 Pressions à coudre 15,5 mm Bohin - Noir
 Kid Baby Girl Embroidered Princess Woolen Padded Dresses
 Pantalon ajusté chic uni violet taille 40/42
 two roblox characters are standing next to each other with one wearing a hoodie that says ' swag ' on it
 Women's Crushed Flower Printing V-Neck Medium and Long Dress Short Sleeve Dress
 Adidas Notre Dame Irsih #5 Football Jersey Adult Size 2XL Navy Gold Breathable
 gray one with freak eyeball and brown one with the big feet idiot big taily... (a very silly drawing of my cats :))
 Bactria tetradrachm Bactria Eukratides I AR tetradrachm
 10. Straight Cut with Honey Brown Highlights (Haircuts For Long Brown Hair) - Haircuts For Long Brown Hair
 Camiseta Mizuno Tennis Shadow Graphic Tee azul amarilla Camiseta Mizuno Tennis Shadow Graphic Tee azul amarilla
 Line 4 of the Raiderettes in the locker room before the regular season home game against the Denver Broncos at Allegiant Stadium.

•••••

Retype the entries precisely as they stand.

 Pressions à coudre 15,5 mm Bohin - Noir
 Kid Baby Girl Embroidered Princess Woolen Padded Dresses
 Pantalon ajusté chic uni violet taille 40/42
 two roblox characters are standing next to each other with one wearing a hoodie that says ' swag ' on it
 Women's Crushed Flower Printing V-Neck Medium and Long Dress Short Sleeve Dress
 Adidas Notre Dame Irsih #5 Football Jersey Adult Size 2XL Navy Gold Breathable
 gray one with freak eyeball and brown one with the big feet idiot big taily... (a very silly drawing of my cats :))
 Bactria tetradrachm Bactria Eukratides I AR tetradrachm
 10. Straight Cut with Honey Brown Highlights (Haircuts For Long Brown Hair) - Haircuts For Long Brown Hair
 Camiseta Mizuno Tennis Shadow Graphic Tee azul amarilla Camiseta Mizuno Tennis Shadow Graphic Tee azul amarilla
 Line 4 of the Raiderettes in the locker room before the regular season home game against the Denver Broncos at Allegiant Stadium.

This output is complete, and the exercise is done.